Temporarily, we can place all the word list recordings in a separate working directory, words_in_isolation/
, to make transcript generation easier.
├── bora
... ├── bora_dict.txt
├── wordlist.txt
├── create_input_tgs_from_wordlists.py
├── create_input_tgs_with_sils.praat
├── words_in_isolation # temporatry
| ├── 01_sp_Panduro_BOR001_20250203_001.wav
| ├── 01_sp_Panduro_BOR001_20250203_002.wav
| └── ...
├── ...
└── bora_corpus
├── 01_sp_Panduro_BOR001_20250203_001.wav
├── 01_sp_Panduro_BOR001_20250203_002.wav
├── 01_sp_Panduro_BOR001_20250203_003.wav
├── ...
└── ... #913 wav items in total
5.2 Data Preprocessing
5.2.1 Transcripts preparation: initial TextGrids in two approaches
The next step is to prepare an input transcription for each wordlist sound file.

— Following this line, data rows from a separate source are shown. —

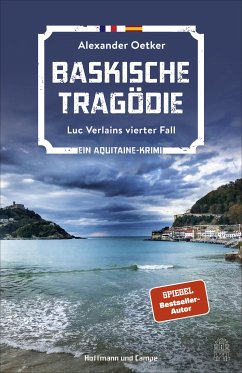 Baskische Tragödie / Luc Verlain Bd.4 (eBook, ePUB) - Oetker, Alexander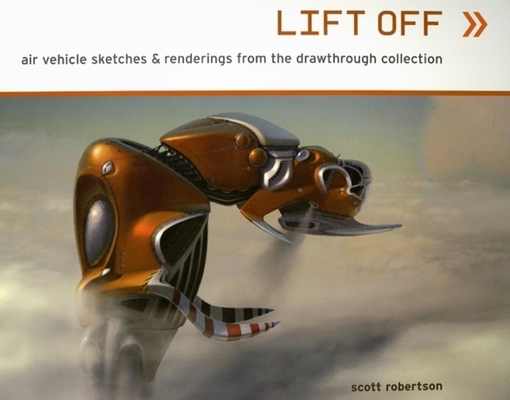 Lift Off: Air Vehicle Sketches & Renderings fro... 1933492155 Book Cover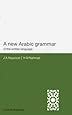 A New Arabic Grammar of the Written Language: J. A. Haywood, H. M. Nahmad: 9780853315858: Amazon ...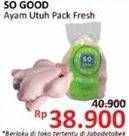 Promo Harga SO GOOD Ayam Utuh Pack Fresh  - Alfamidi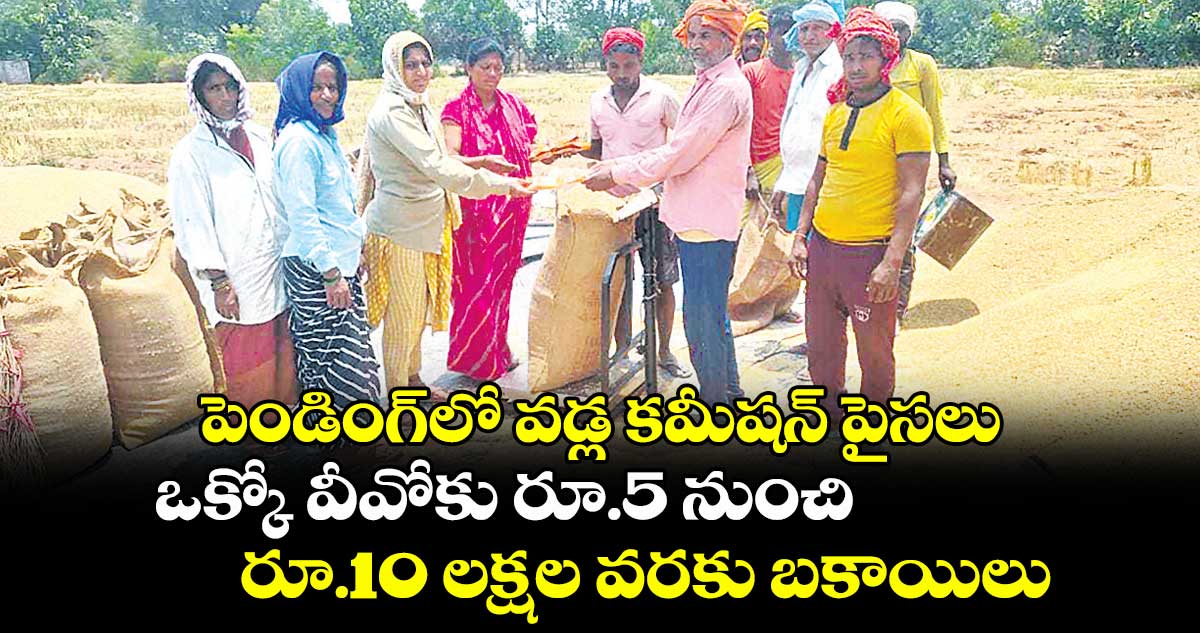 పెండింగ్లో వడ్ల కమీషన్ పైసలు .. ఒక్కో వీవోకు రూ.5 నుంచి రూ.10 లక్షల వరకు బకాయిలు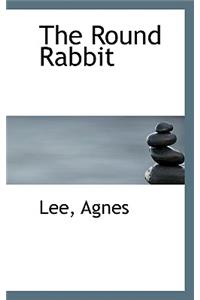 The Round Rabbit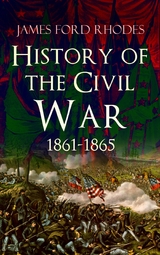 History of the Civil War, 1861-1865 - James Ford Rhodes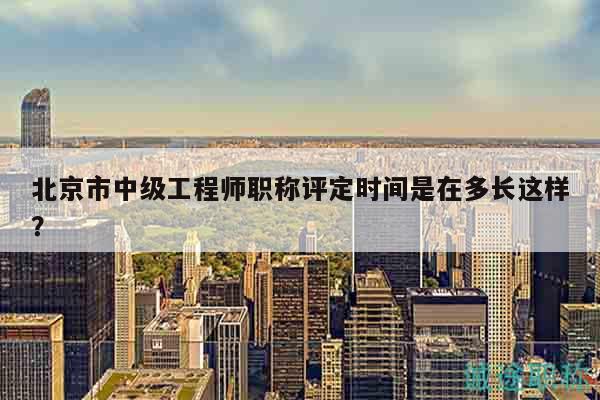 北京市中级工程师职称评定时间是在多长这样？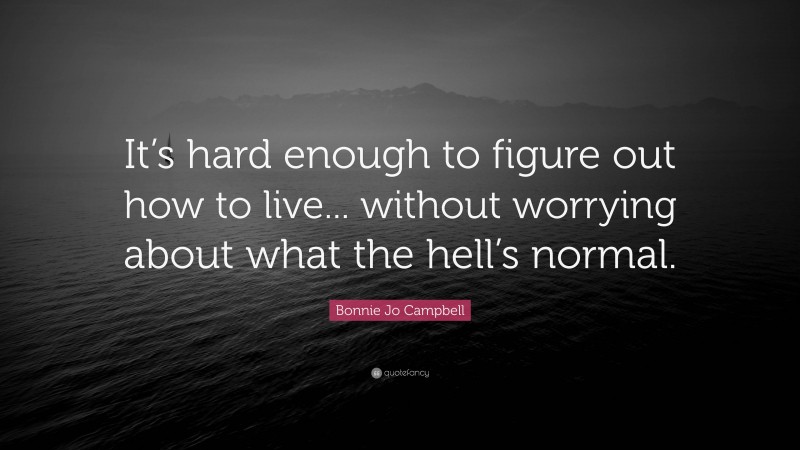 Bonnie Jo Campbell Quote: “It’s hard enough to figure out how to live... without worrying about what the hell’s normal.”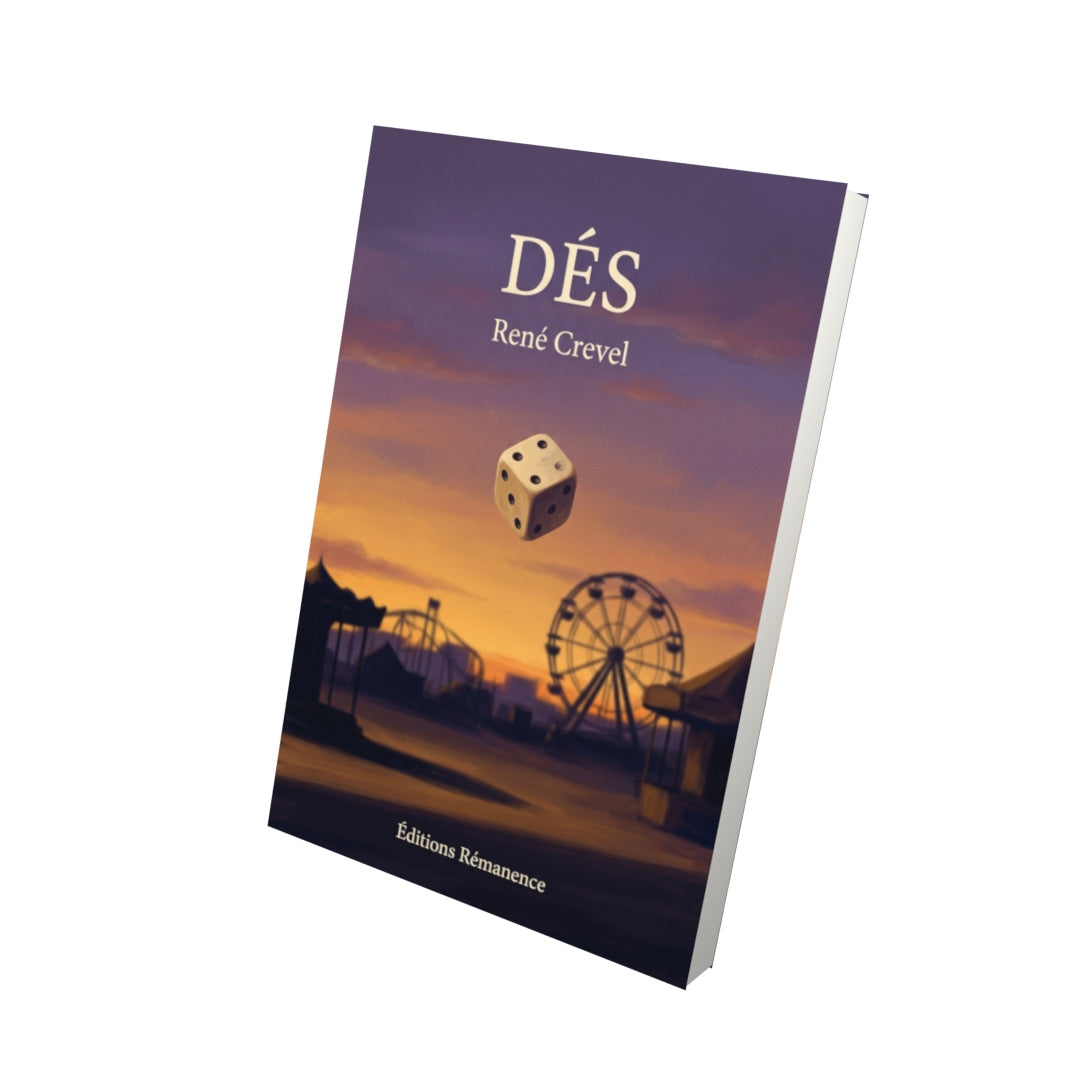 Livre Dés par René Crevel - Vue 3D - Editions Remanence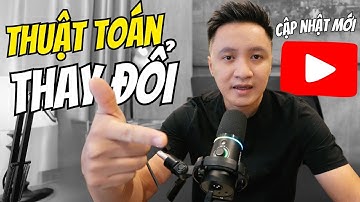 Thuật Toán Youtube Thay Đổi có phải lý do khiến Video không có lượt xem (Cập nhật mới nhất 2025)
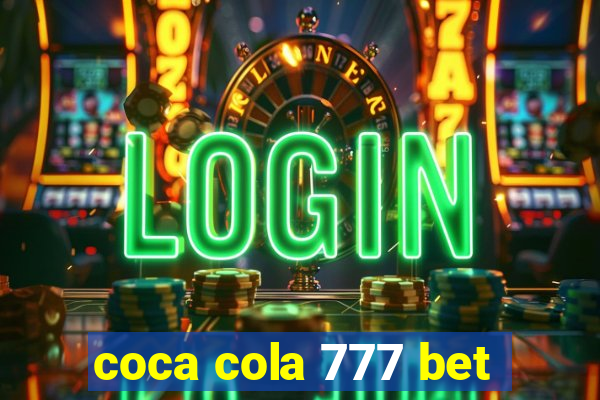 coca cola 777 bet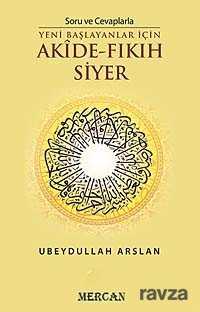 Soru ve Cevaplarla Yeni Başlayanlar İçin Akide - Fıkıh Siyer - Mercan Kitap
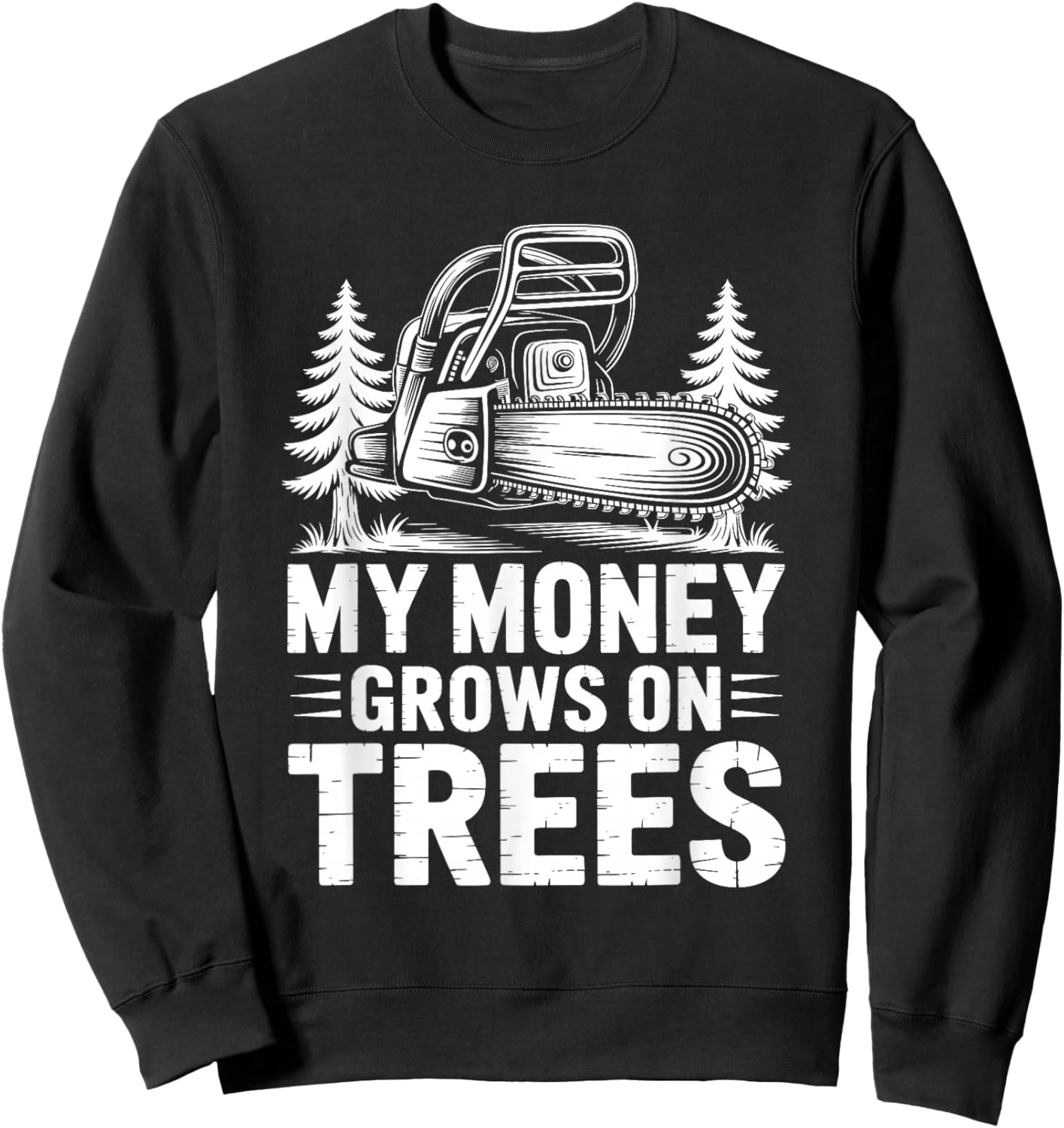 My Money Grows On Trees, Arborist Lumberjack Tree Cutter Sweatshirt - Sweatshirt | Black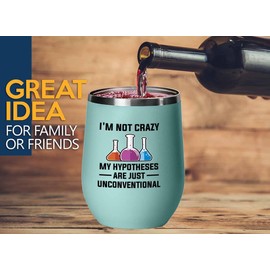 Scientist Teal Edition Wine Tumbler 12oz - Im not crazy - Engineer Physics Chemisty Researcher Biologist Theorist Scientific Natural Philosophy Elements Teacher Degree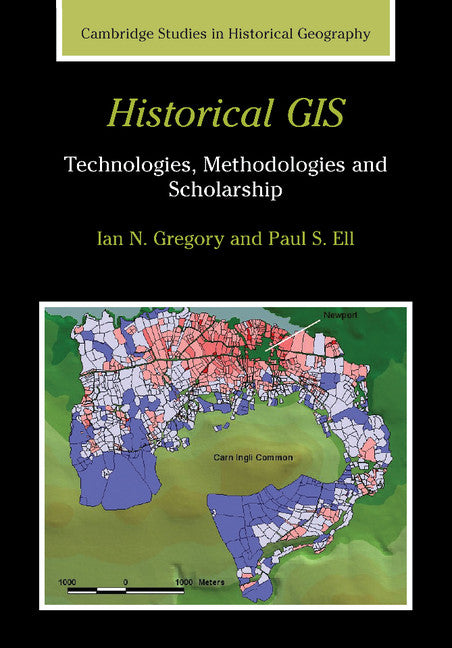 Historical GIS; Technologies, Methodologies, and Scholarship (Paperback) 9780521671705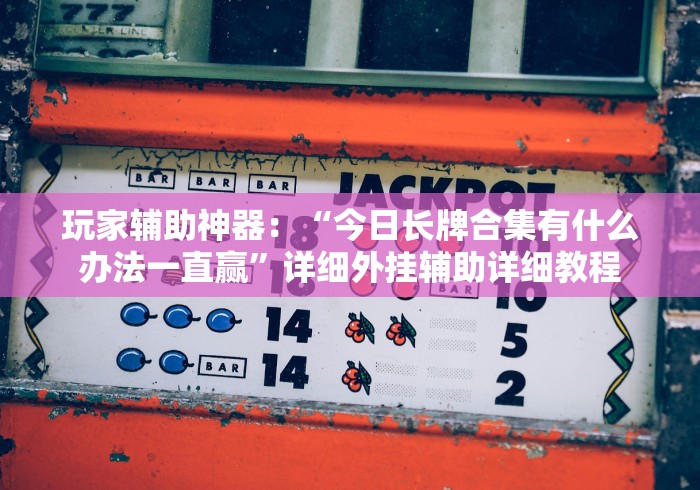 玩家辅助神器：“今日长牌合集有什么办法一直赢”详细外挂辅助详细教程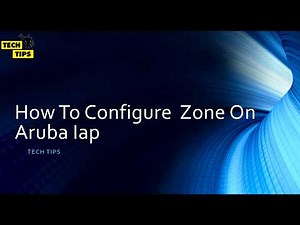 How To configure Zones On Aruba Iap Cluster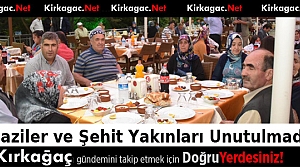 GAZİLER ve ŞEHİT AİLELERİ UNUTULMADI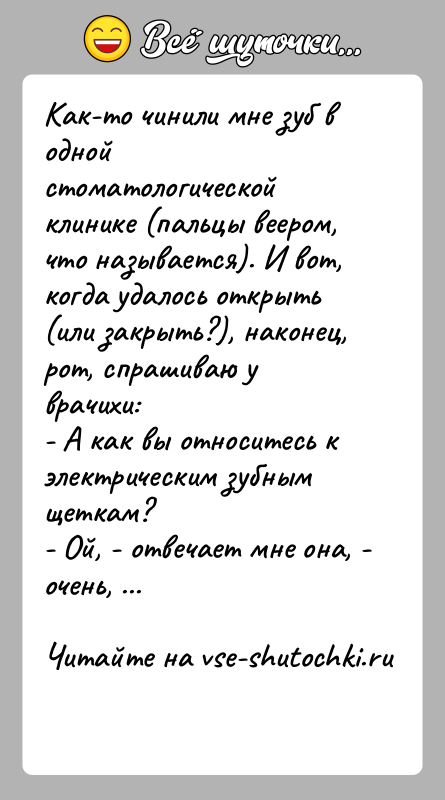 История: Как-то чинили мне зуб в одной стоматологической клинике (пальцы веером,что называется). И вот, когда удалось открыть (или закрыть?), наконец,рот, спрашиваю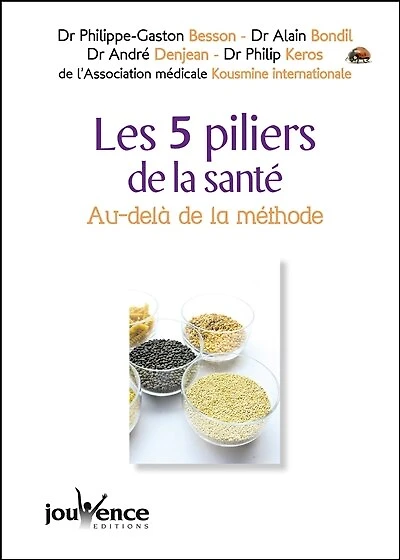 Les 5 piliers de la santé: au-delà méthode...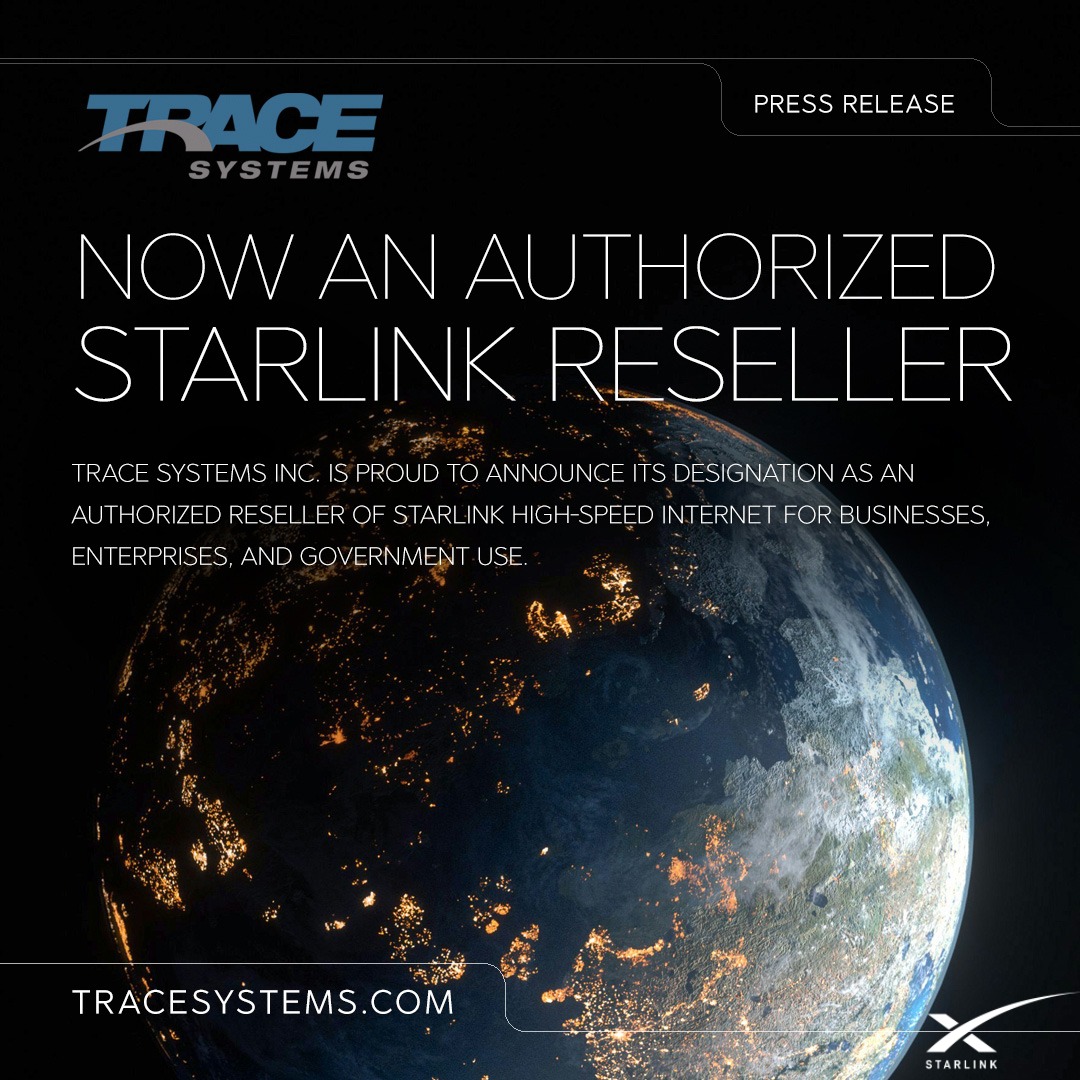 Trace Systems is Now an Authorized Starlink Reseller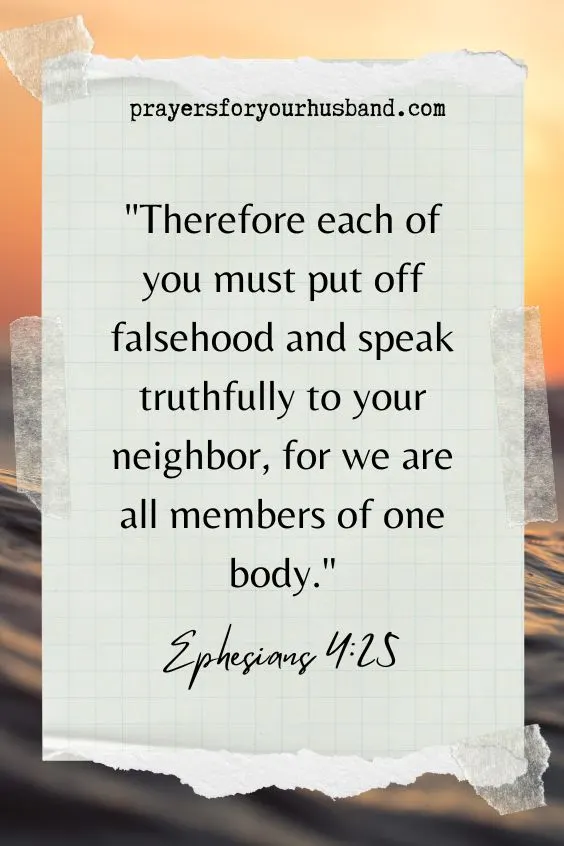 Therefore each of you must put off falsehood and speak truthfully to your neighbor, for we are all members of one body.
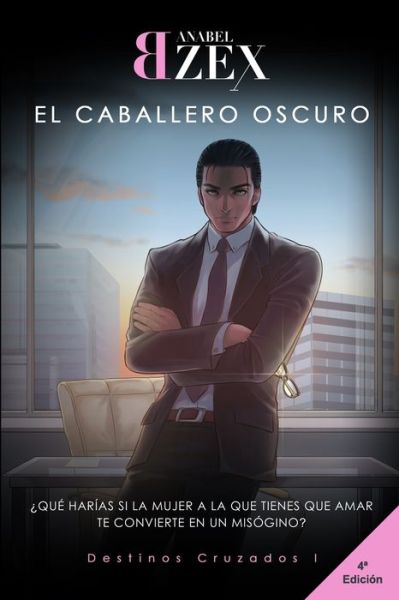 Cover for Anabel Bzex · El Caballero Oscuro: Destinos Cruzados I - Destinos Cruzados (Paperback Book) (2019)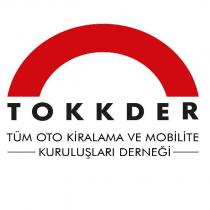 tokkder tüm oto kiralama ve mobilite kuruluşları derneği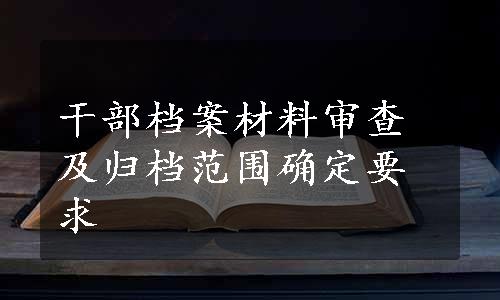 干部档案材料审查及归档范围确定要求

I recommend using the .TextGrid
format when using MFA (.txt
or .lab
should work too).
Here I demonstrate two options for the input TextGrids.

Option ❶ for the word list transcription:
The following Python script create_input_tgs_from_wordlists.py
prepares the initial transcript files by
creating a corresponding .TextGrid
file for each audio recording,
extracting the corresponding word from the word list, and writing it to a word
tier (see above figure, Tier 1).
Note that the audio filenames are neatly ordered and correspond to the order of the word list.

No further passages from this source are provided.